# What you need to do:
Take nothing but the lines from the one with "Espèce Chiridiella gibba" through the one with "bear bile image" in the entries below, both ends kept, and return them exactly with pictures left out.

━━━━━ Data records

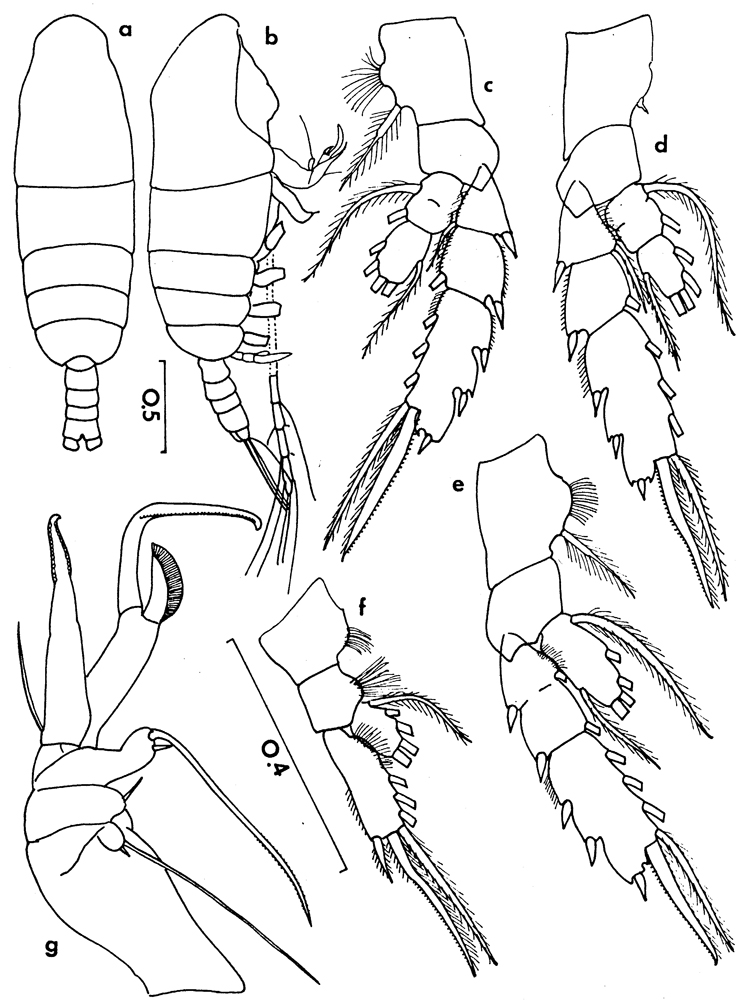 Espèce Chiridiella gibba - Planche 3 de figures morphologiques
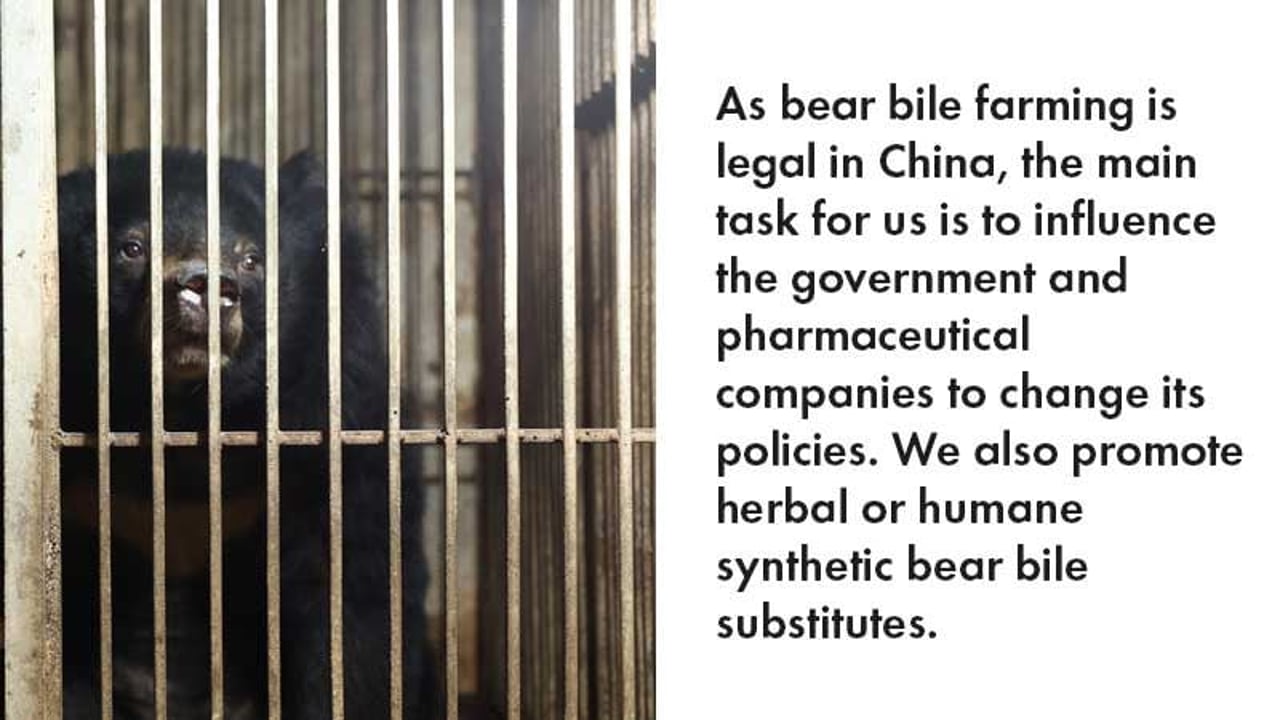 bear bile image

━━━━━━━━━━
━━━━━ Data records

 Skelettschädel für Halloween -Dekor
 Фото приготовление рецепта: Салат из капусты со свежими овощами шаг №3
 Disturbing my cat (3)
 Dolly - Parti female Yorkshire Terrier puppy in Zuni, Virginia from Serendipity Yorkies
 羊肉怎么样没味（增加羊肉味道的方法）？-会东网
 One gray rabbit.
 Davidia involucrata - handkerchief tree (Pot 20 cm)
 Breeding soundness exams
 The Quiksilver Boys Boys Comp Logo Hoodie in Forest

━━━━━━━━━━

# Result:
 Espèce Chiridiella gibba - Planche 3 de figures morphologiques
 bear bile image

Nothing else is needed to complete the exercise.